Por Soledad Núñez de Cáceres
Colaboradora del Ámbito María Corral
Barcelona, noviembre 2008
Foto: Nasa
Durante semanas la atención del mundo estuvo centrada en el Consejo Europeo para la Investigación Nuclear (CERN) y su Gran Colisionador de Hadrones (LHC, por sus siglas en inglés), acelerador de partículas. El objetivo es crear las condiciones extremas capaces de emular a las del Bing-Bang para poder comprender el origen del universo. Se suscitaron apasionados debates en los periódicos y en infinidad de blogs de Internet, algunos con previsiones catastrofistas sobre el hecho de que crear un micro-agujero negro podría provocar el fin del mundo, absorbido -aunque se tratara de un lento proceso- por ese minúsculo “tragador” universal.
De momento los temores se posponen: el experimento tuvo que ser interrumpido nueve días después de iniciado, por una fuga de helio en el túnel del CERN. Esta institución ha anunciado ya que cuando el experimento recomience el próximo año, los físicos involucrados en el experimento tendrán acceso a los datos en tiempo real en sus ordenadores gracias a la red informática del CERN, que conecta a más de 100.000 procesadores en 140 instituciones del mundo. Impulsando el trabajo en red y las potencialidades digitales, el engranaje científico de la aldea global sigue su vertiginoso camino, cabalgando sobre una capacidad técnica sin precedentes. Muchos se preguntan si es lícito gastar las ingentes cantidades de dinero que cuestan estas instalaciones y estos experimentos, teniendo aún las cuentas pendientes del hambre en el mundo y el cambio climático. Otros alegan que los científicos intentan “jugar a Dios” experimentando con asuntos que les superan y que pueden fácilmente escapárseles de las manos.

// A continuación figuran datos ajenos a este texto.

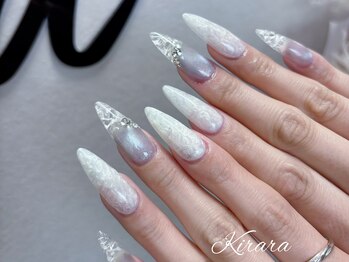 キララ(Kirara)の写真/自爪が折れてしまった、爪の長さがバラバラ…等のお悩みも解決！長さ出しでアートを存分に楽しめる♪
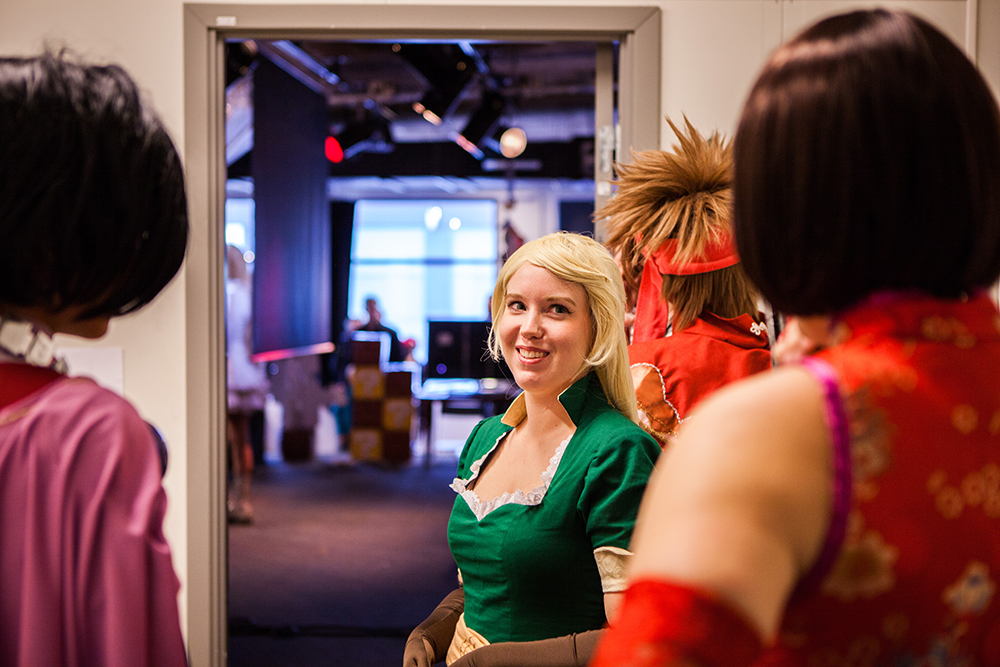 Cosplayers at Retrospelsfestivalen 2015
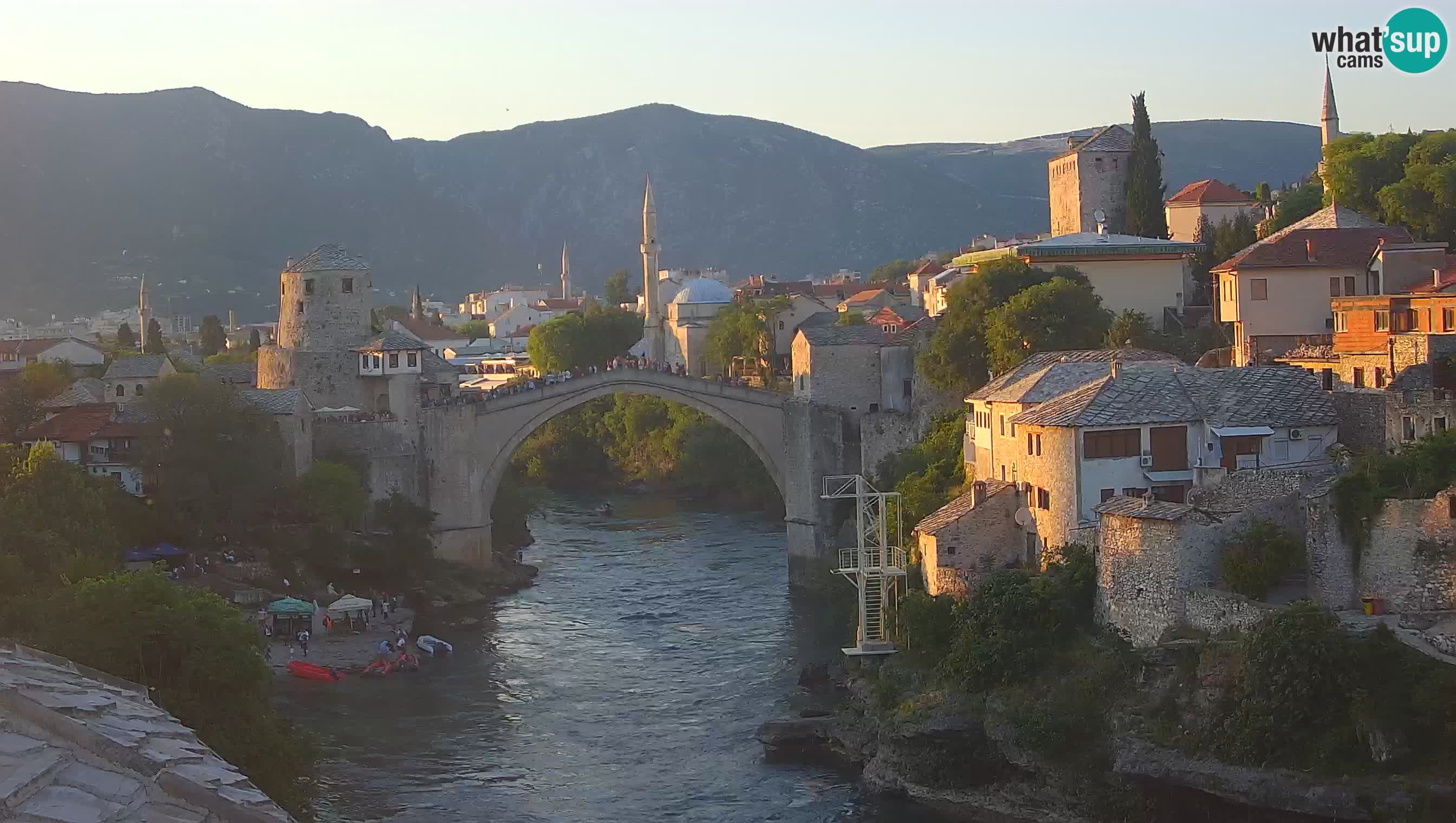Mostar webcam – LIVE Old Bridge and Neretva river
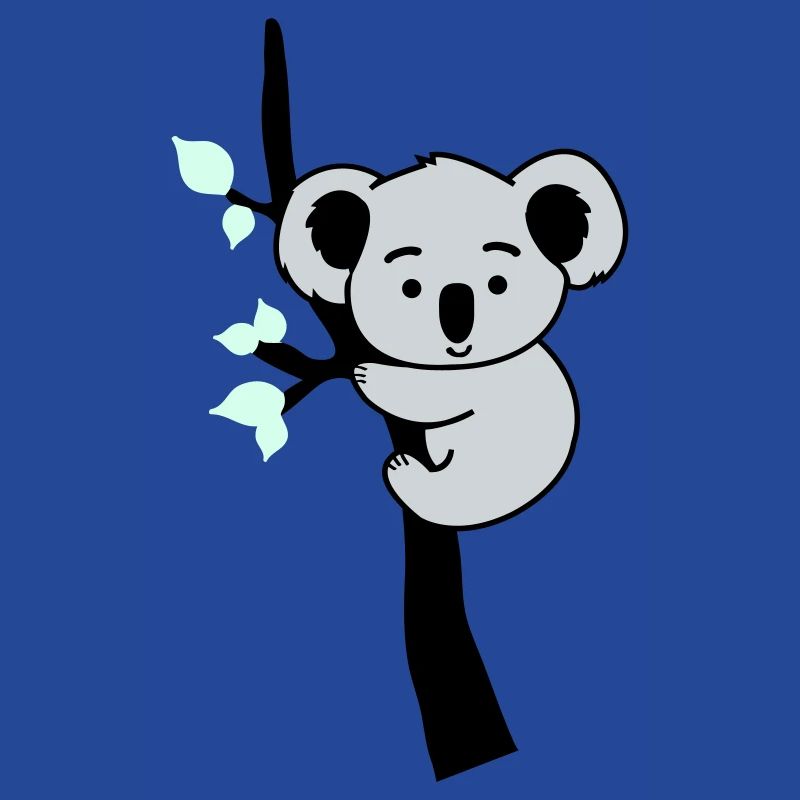 koalabär comic baum
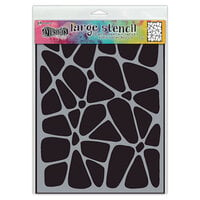 Ranger Ink - Dylusions - Stencils - Crazy Paving - Large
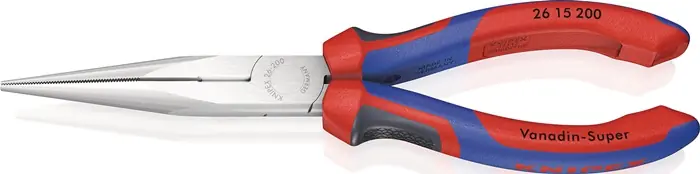 Direkt Vom Hersteller Flachrundzange L.200mm verchr.ger.Comfort-Griff KNIPEX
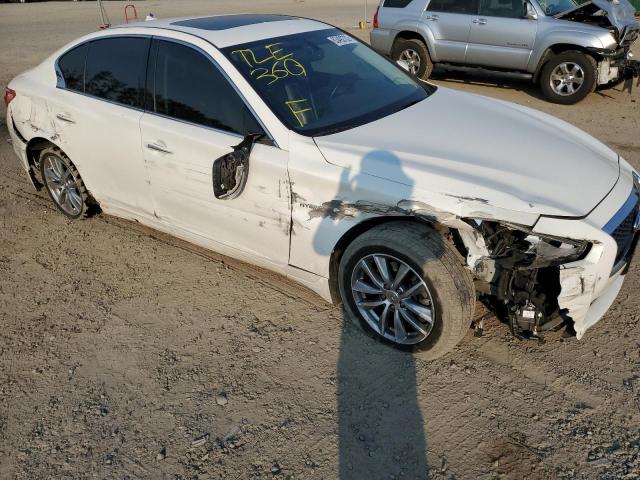 JN1AV7AR9EM703207 - 2014 INFINITI Q50 HYBRID WHITE photo 9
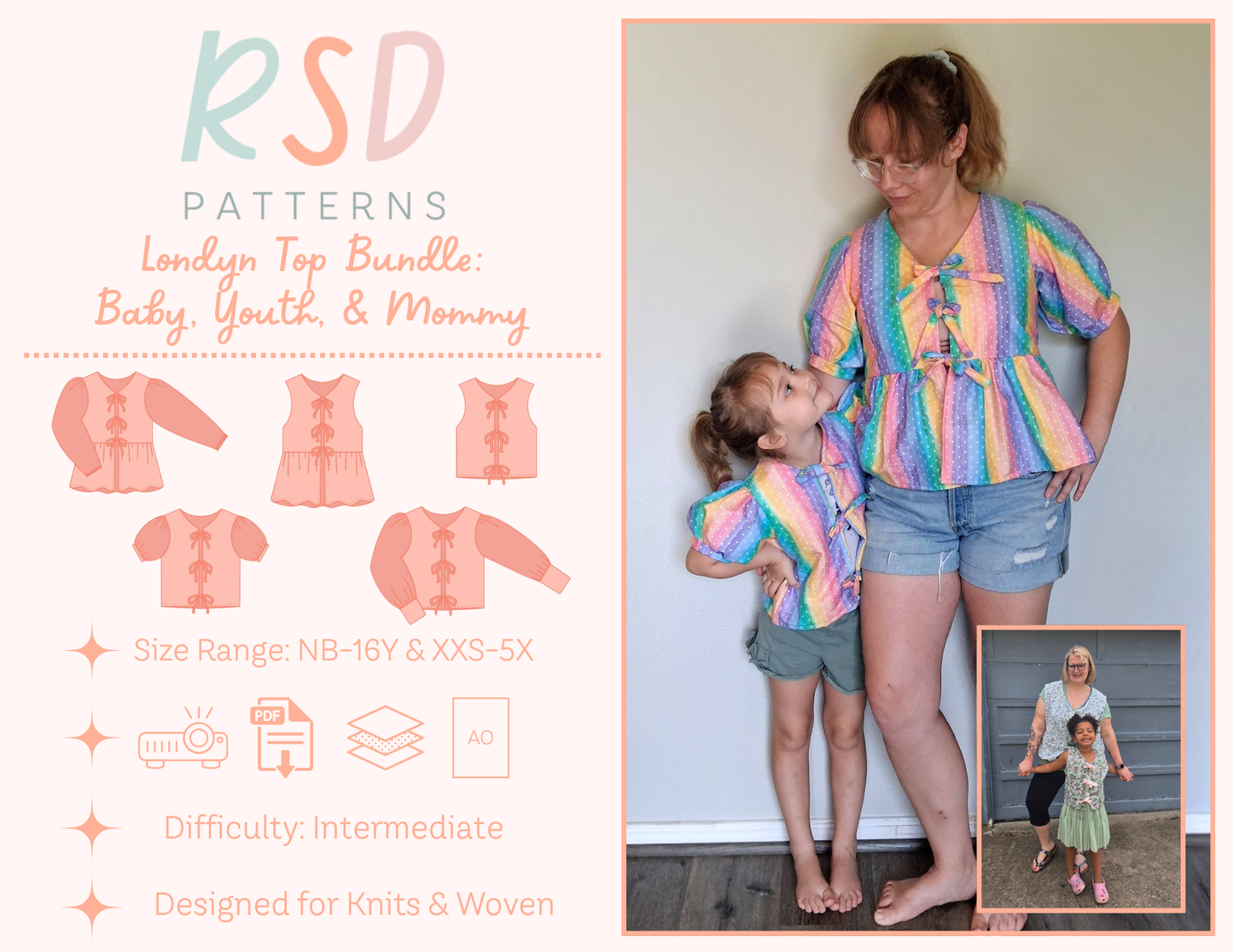Baby, Youth, & Mommy Londyn Top Bundle PDF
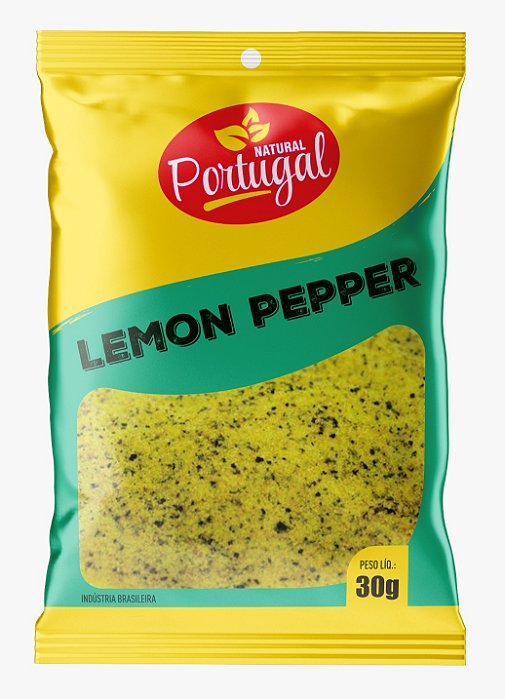Lemon Pepper Natural Portugal 30g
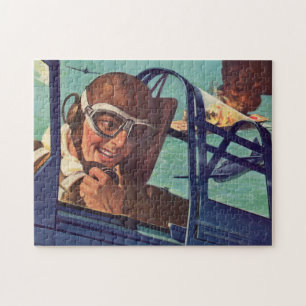 Puzzle duelo de los años 40 WWII en el aire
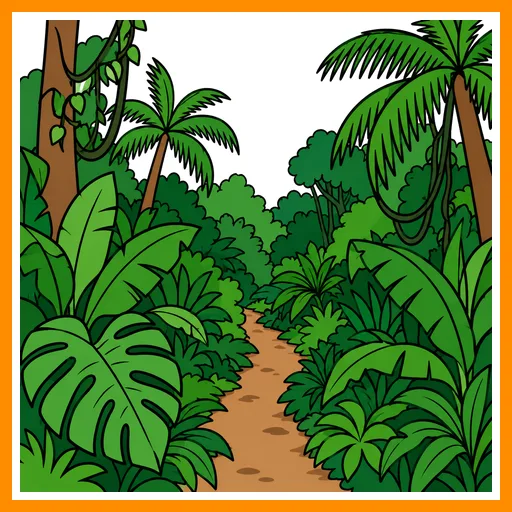 Pictograma de selva con marco Fitzgerald
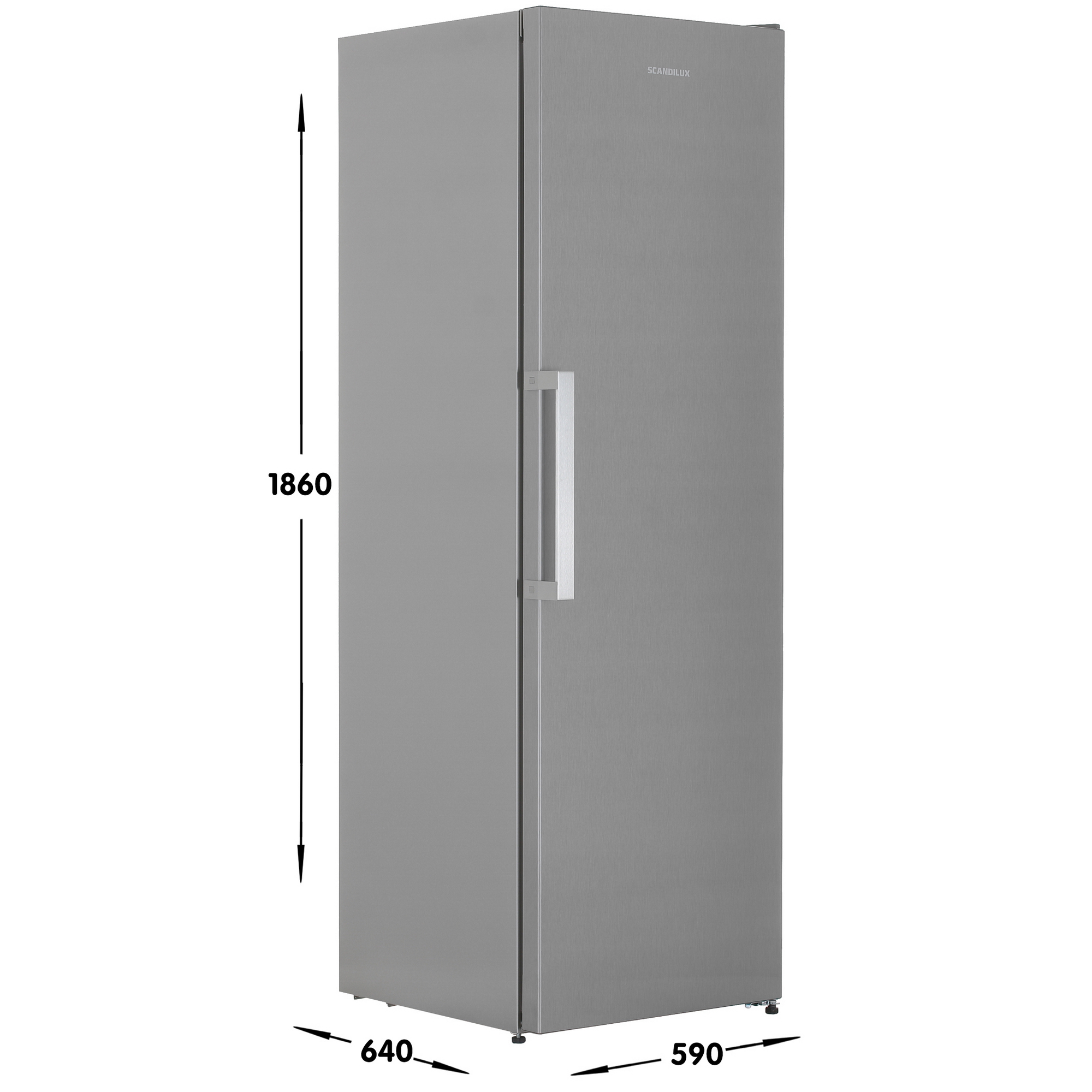 8198397 Холодильник без морозильника   Scandilux R711Y02 S серебристый STDN-0049345 - Вид №6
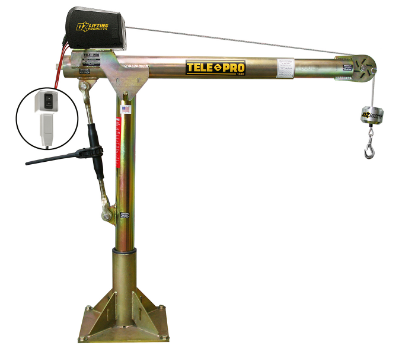 OZ Tele-Pro Davit Crane (OZTP500DAV-DCW)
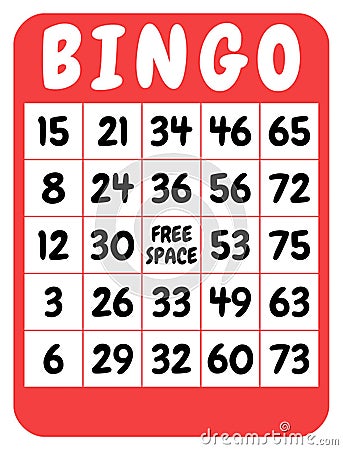 Bingo card Stock Photo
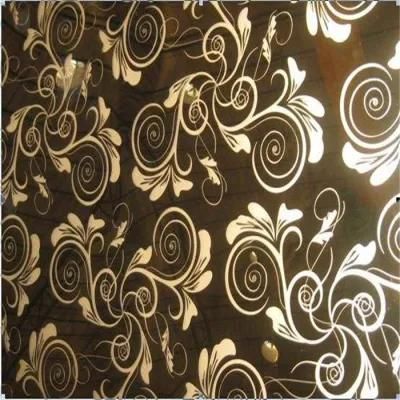 201 304 430 Etched Titanium Stainless Steel Sheet Etched Stainless Steel Sheet Decorative Stainless Steel Sheet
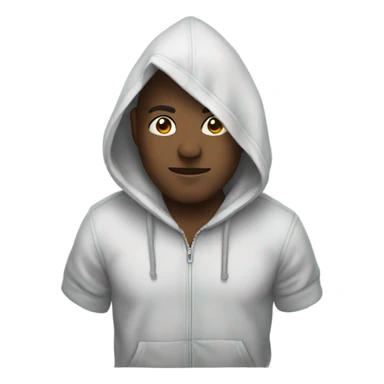 Me with a hoodie sticker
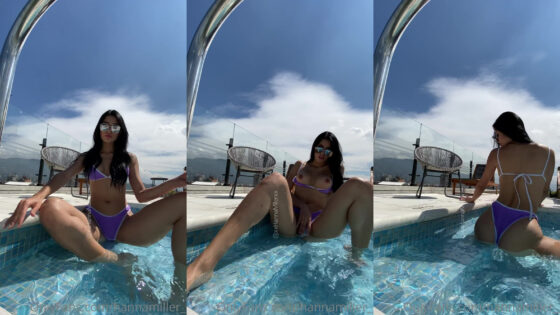 La masturbación en la piscina de Hanna Miller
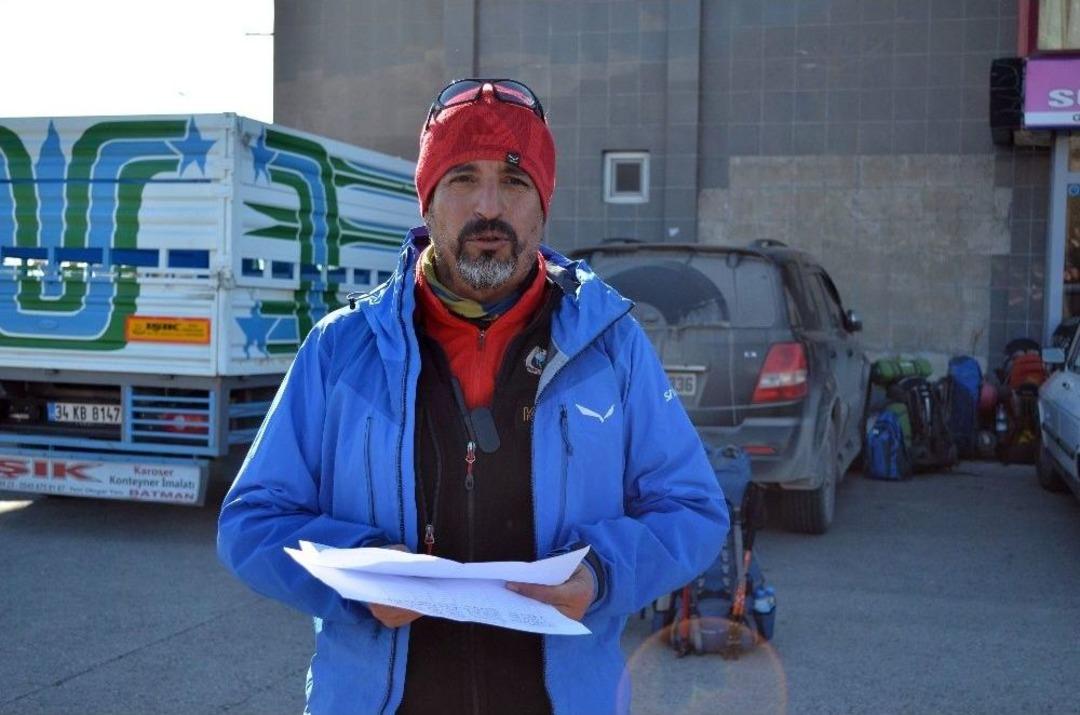 40 Dağcı S&uuml;phan Dağı&rsquo;na Kış Tırmanışı Yapacak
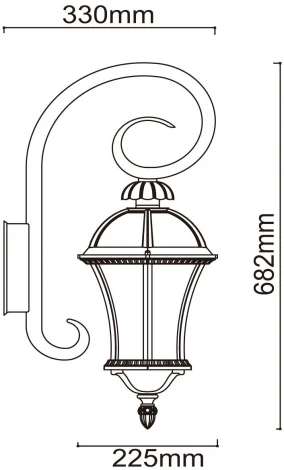 Настенный фонарь уличный DeMarkt Сандра 811020401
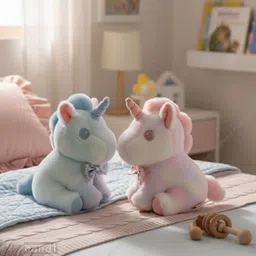 kids mandi Unicorn Pony Kawai Fur Plush Toy | Soft & Fluffy Stuffed Animal for Kids - 35 cm image 4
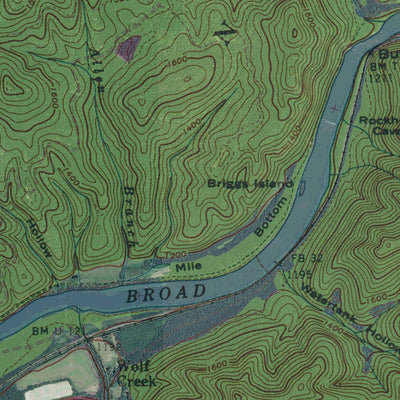 TN-NC-PAINT ROCK: GeoChange 1940-2012 Preview 2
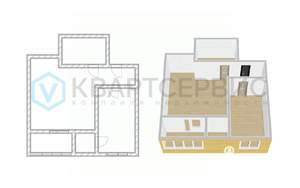 1-к квартира, вторичка, 37м2, 22/23 этаж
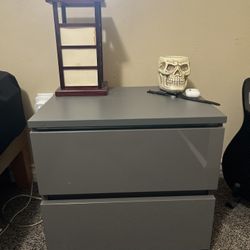 Grey Night Stand/ Drawer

Quien conozca de cerca algún científico auténtico -en el sentido de su enfoque vital, sea cual sea el nivel o alcance de su investigación- sabe que le son propias una espontánea capacidad de asombro, una mirada atónita ante acontecimientos que para los demás son irrelevantes, y de ahí una verdadera pasión por conocer los fenómenos naturales. La razón humana, individual y colectivamente, no se cansa de plantear preguntas, cuyas respuestas dan lugar a nuevos interrogantes. Y cada respuesta, aunque se sepa que es provisional, suscita una forma intensa de gozo y es percibida como portadora de una belleza esplendorosa.
Pero la historia de descubrimientos como la fisión nuclear ha marcado profundamente al mundo y le recuerdan que, como todo lo humano, la investigación científica supone cuestiones éticas que no se pueden ignorar. La deontología de la investigación en las diversas ciencias se plantea si es lícito todo lo que es posible investigar. El físico barcelonés Jorge Wagensberg no teme asegurar en su amplia obra de divulgación que en el experimento emergen los límites, y la evidencia de que la libertad que nos regalamos como individuos y como comunidad consiste, justamente, en la capacidad para pensar nuestros propios límites. En otras palabras, la lógica de lo verdadero y lo falso (la ciencia) ha dejado de ser independiente de la lógica de lo bueno y lo malo (la ética).
La mayoría de las personas desea que el conocimiento científico contribuya a una mayor equidad, salud y paz en las sociedades humanas. Muchos, por ello, contemplamos con zozobra algunos experimentos que incluso en la mejor de las hipótesis pueden afectar el planeta en su conjunto, aún más aquéllos que manipulan los intríngulis genéticos de las especies, incluida la humana. Uno puede dar y de hecho da un voto de confianza a los líderes de ese complejo mundo llamado “ciencia”, pero es ineludible que se les exija un exquisito respeto por cada persona humana, que se reclame el estricto cumplimiento de un código ético científico serio, y que la legislación controle los posibles excesos en los que puede caer toda forma de poder. El conocimiento científico, lo sabemos de sobra, puede llegar a ser un arma. Tranquiliza, pues, encontrar científicos capaces de reconocer con sencillez que la ciencia tiene y debe reconocer sus límites, y que lo verdadero no puede desligarse de lo bueno y de lo bello. Intuyen quizá que más allá de la pregunta científica está la metafísica: el “por qué” último de las cosas. Y que la respuesta escapa a su campo de estudio.